• DepthAI
  • Discrepancy between expected frame latency and measured latency

We have measured the latency of an image based on image content, and compared that to the latency found through the suggested method by Luxonis, and we have found that these two latencies do not match.

Based on this post: Latency Measurement, we expect that the latency of a given frame can be found as

latencyMs = (dai.Clock.now() - imgFrame.getTimestamp()).total_seconds() * 1000

However, we have found this latency to not match reality. We constructed an experiment where we point the camera towards a monitor where we make printouts of the current time. By comparing this time to the time in our program, we can find the latency of an image. We compare this true latency to the latency reported by the Luxonis camera per the above calculation, and find that these do not match.

{ExperimentSetup}

Here is an example of our setup, with the luxonis camera pointing towards the monitor where we have current time printouts.

We find that the difference between the latency based on image content and program time, compared to luxonis timestamp and luxonis camera time, is 100 ms.

{LatencyDifferene}

We have constructed a minimal code example in this repo, with the link showing the primary notebook for the procedure: Minimal Example Repo

The current discrepancy hinders our usecase where we require accurate latency measurements.

Any pointers as to how we can get more accurate latency measurements, or if we are missing something?

    AlbinM
    Which timestamp is on the screen? Use time.monotonic.. time.time is not stable.

    Thanks,
    Jaka

      jakaskerl

      We have now updated to time.monotonic (repo also updated), and it did not change anything, the discrepancy persists.

      Any other pointers?

        AlbinM
        Which timestamp is displayed on the screen though? It is strange to me that the difference is centered around 100ms which is exactly one frame late - at your set 10FPS. Check the discrepancy when FPS is 20 (or 5). I think it might just be an error in measurement.

        Thanks,
        Jaka

          jakaskerl

          This is the code we use for displaying the timestamp on the screen (datetime_stream.py in the repo):

          import time
          
          while True:
              print(time.monotonic_ns() / 1000000)
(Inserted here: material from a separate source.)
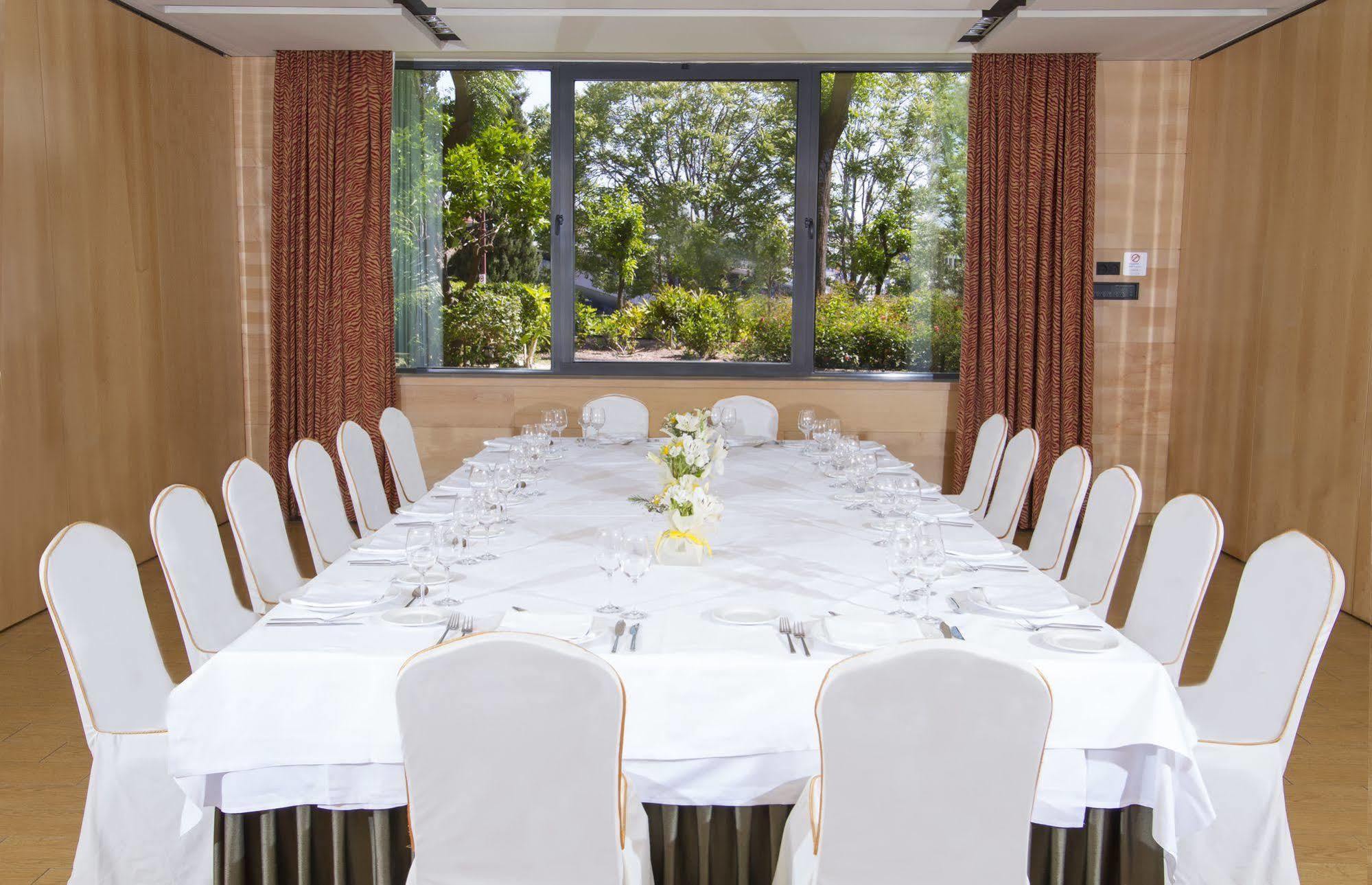 Ribera De Triana Hotel 4*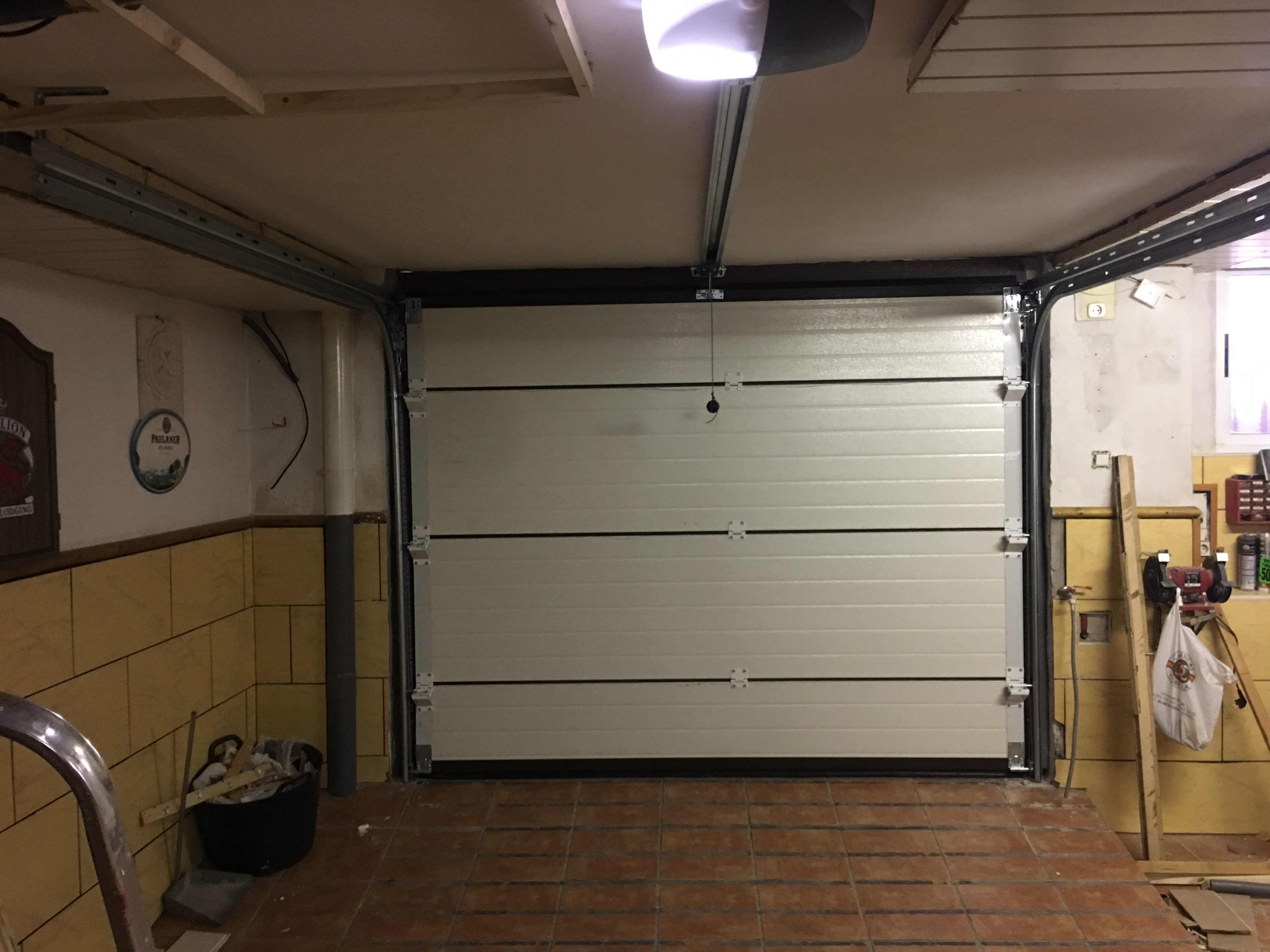 PUERTA SECCIONAL INTERIOR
          We have tried varying the fps, and the error persisted through that, being at the same levels of 90-100 ms. Another thing we have tried is to see if it has something to do with rolling shutter by placing our timestamp in different parts of the camera FOV, but the discrepancy has persisted through that as well.

          We definitely think there might be an error in our experiment/measurement as well. We have tried to eliminate the possible causes we could think of, and made our repo for reproducing the error as simple as possible. If you have any more ideas for what in the experiment/measurement that might be wrong, we are happy to try them, to get to the bottom of this.

          Do you maybe know what experiments have been done in developing the camera to check the latency? Maybe we could try replicating one of those experiments to really ensure that it is just our experimental setup that causes the issue.